From what I see, most campaigning is done in speeches. And public speaking is deeply embedded in the culture. Despite the mediocre arguments given in debates of beginning debaters I have helped coach, no student has a problem speaking in front of judges, and they don’t read from their paper – the students actually give a speech, freely expressing what they are thinking in English. In Israel, beginners usually nervously have their eyes glued – absolutely glued – to their notes, which seem to be glued to their hands, as they read word-for-word what they or their debate partners have written during preparation time.
In one workshop in Kigali, one student, every time, always starts his speeches reading from the paper and I honest-to-God have absolutely no idea what he is saying when he reads from the paper. Nor does the other team. It’s an issue. Then, suddenly, after 60 seconds, when he is done with what I think is the “introductory stage” of his speech, he looks up. He folds the paper. And then he just speaks. And he is clear, fantastic, and quite clever even. And he does this every time. “Don’t read from the paper!” we all tell him, debaters and coaches alike.
I gave the students the motion “This House Would discontinue quotas for women in the Rwandan parliament.” They looked at me, confused. “So, there will be no women in parliament?” some asked. “No,” I told them. “There just will not be seats reserved for them. They can still win in elections. There can even be a parliament only of women!” (In my dreams.) My fellow debate teacher, who is Rwandan, went on to explain to the students, in Kinyarwanda, what the quota system was. There was a lot of back-and-forth and more confused faces. “So how can there be 100% women in parliament if there are no quotas?” they asked. How, indeed. Ok, so maybe my 100% women in parliament was not the best example. It dawned on me, then, that these kids were no more than nine or ten years old when quotas for women were introduced with the first election after the genocide, and have never known any election without quotas. Suggesting that there be no quotas for women would be like suggesting to American teenagers that there be no plurality elections and that elections be proportional – I know plenty of American teenagers who would really have no idea what I was talking about. Or, alternatively, telling Israeli teenagers to debate the merits of switching to a presidential system, where the president could veto any bills passed by parliament – I remember fellow university student being confused by this. And when some of my fellow Polisci classmates at Hebrew University learned about a completely Westminster model, they were absolutely confused for a few minutes. For these young Rwandans, female quotas were as ingrained and obvious – part of conventional wisdom – as proportional election systems are for Israelis or the presidential system and majoritarian system is for Americans.
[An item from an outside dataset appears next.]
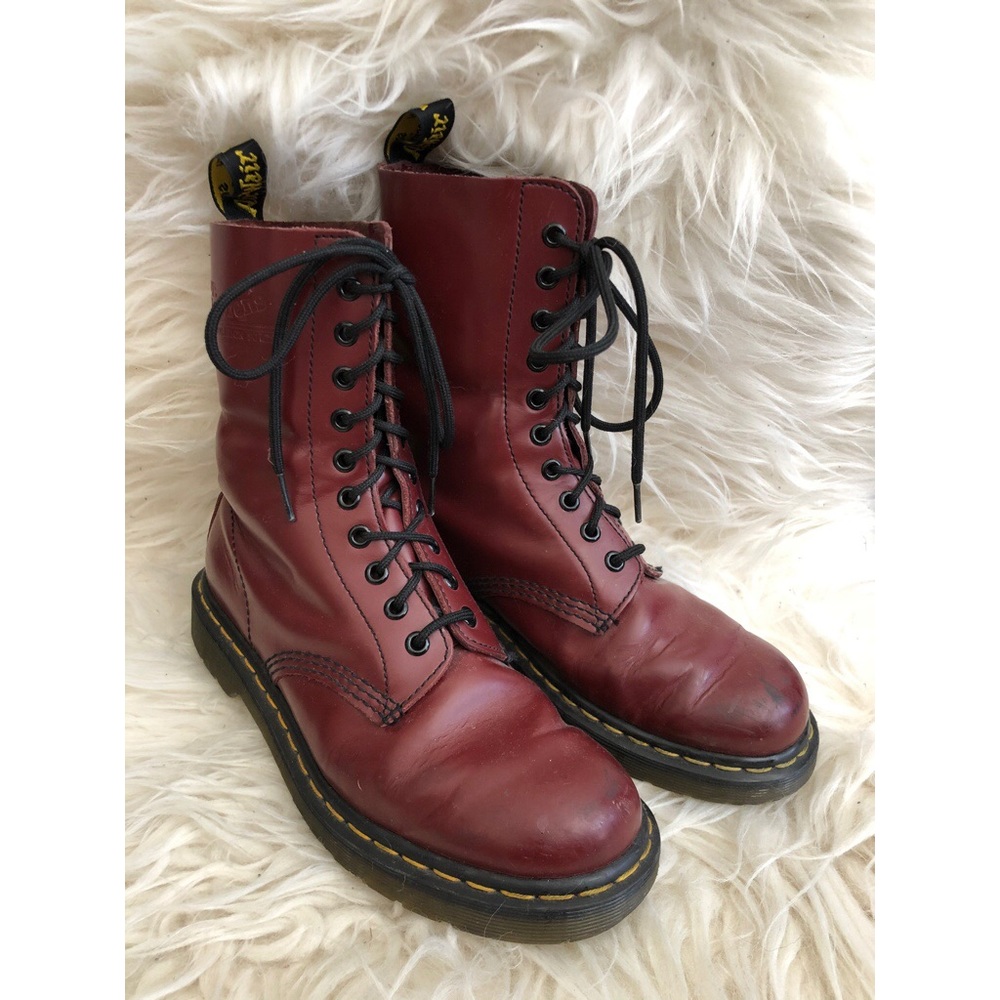 Oxblood Red Dr Martens 1490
I am not sure what I think of this. Is this good? I mean, I would love there to be quotas for women everywhere – I think it is absolutely necessary, I am not sure discrimination against women will ever go away, so I think quotas should just be a permanent part of all democracies. But, somehow, not being able to envision a parliament with a majority of women without quotas – as perhaps impossible as this may be (and I have a hunch that it’s impossible) – is somehow sad. I think Rwandans above the age of, say, 17, see quotas the same way I do - as a solution to a problem, not as the conventional wisdom, not as the starting point they grew up with. Me and my fellow Rwandan coach were equally confused by the confusion among the younger students.
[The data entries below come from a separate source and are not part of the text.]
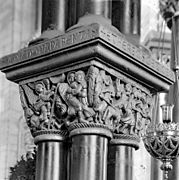 Maastricht, Basilica of Our Lady. Carved 4-fold capital
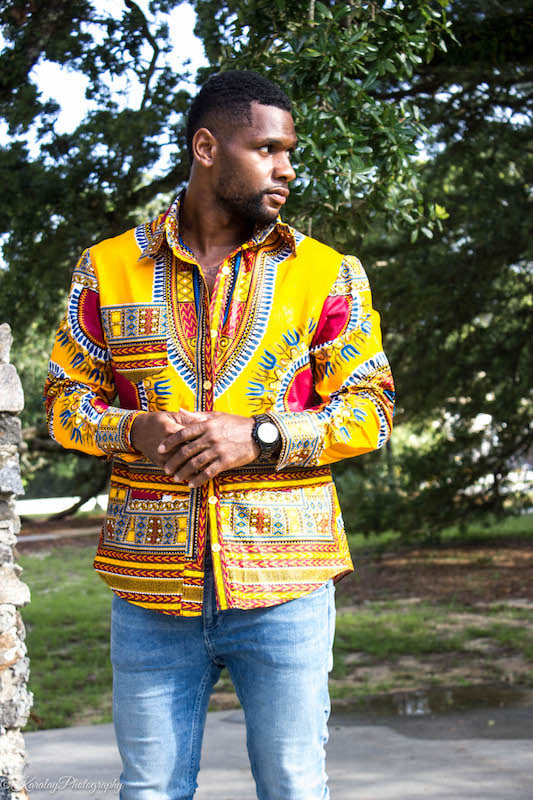 Image of Dashiki Button Down Men's Shirt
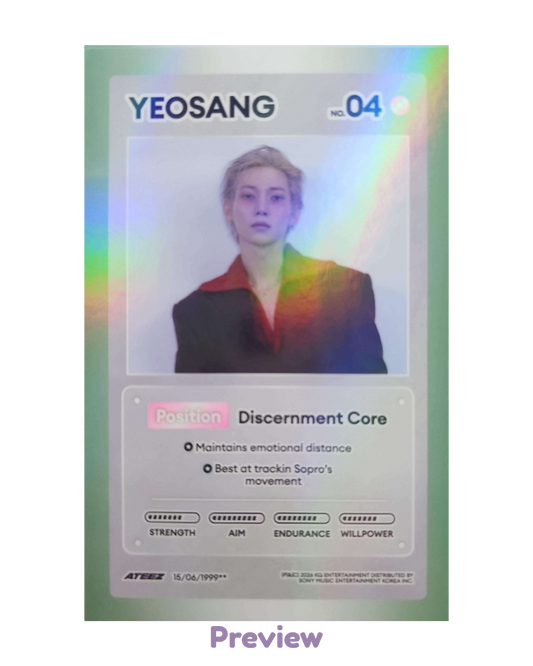 Yeosang Photobook incl. Diary ver. Character Card Golden Hour part 5 ATEEZ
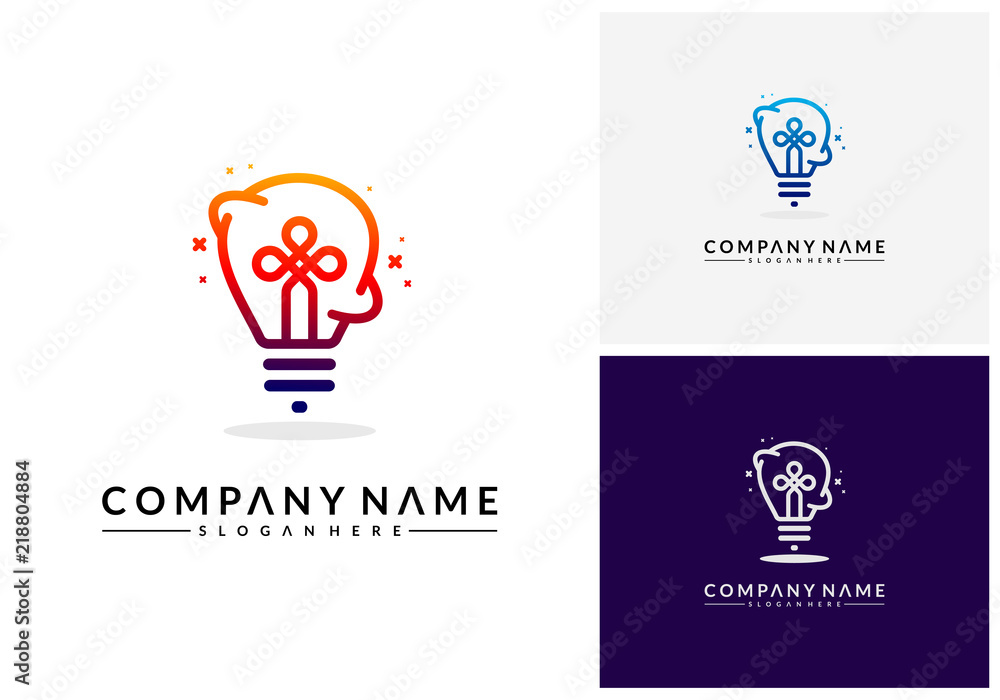 Modern Bulb logo designs concept, Pixel Technology Bulb Idea logo template Modern Bulb logo designs concept, Pixel Technology Bulb Idea logo template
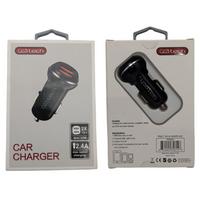 Ceatech 2.4A Fast Car Charger Dual USB Vehicle Power Adapter for Smartphones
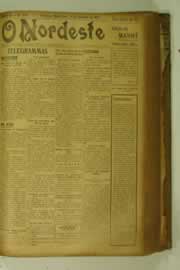 Página do jornal O Nordeste de setembro de 1927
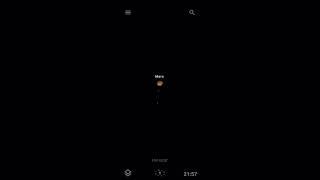 mars phobos and deimos on 24 April 2023 in stellarium #stellarium #mars #short #shortvideo #ytshort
This particular debate proposed to cancel all forms of affirmative actions, including both quotas in parliament and affirmative action in educational institutions. Today, girls need slightly lower marks than boys to get accepted into secondary schools. This does a fairly good job of encouraging more women to study in high school, and I personally think is a great policy. The arguments presented were an interesting mix of outdated 19th-century “feminism” – mostly arguments about how women need to raise children and so should be educated – and incredibly progressive insights into women’s role in business – namely, that they are really good at business in Rwanda. And they pointed something out that I am ashamed to say I have not pointed out in my blog, or really noticed: women are almost always the ones marketing and selling stuff. And I should know. Because I like buying stuff. It is not only that women are selling second-hand clothes, it is almost everything – veggies, milk, cooked food, shoes, candy, tea, beer, passion fruit and pineapple wine, chocolate-flavored yogurt lollypops, everything.
Aside – chocolate-flavored yogurt lollypops are an absolute lifesaver in rural areas with no chocolate. I think the fact that the vast majority of lollypops are chocolate flavored in Rubona is an indication that chocolate cravings are universal. Coffee, apparently, isn’t, because it’s impossible to find in the rural areas, except in its bean form, attached to the ground or in a truck on its way for export.
Anyway, women are not just the pretty faces selling, like a woman at a Clinique mall counter, they also are the ones purchasing the goods, running the shop, deciding the prices, etc.
And the butter milk cafes seem to be good at branching out, and selling other things that the type of people who like butter milk might also like. For example, one little shop not only offers milk, but also shoes and perfume. It’s kind of funny: milk, amandazies (donuts), chapatti, chocolate-flavored yogurt lollypops, shoes, and perfume lined up. Life’s pleasures, all on one shelf. I think that particular butter milk shop is more popular among the ladies. There are usually more women there then the other places.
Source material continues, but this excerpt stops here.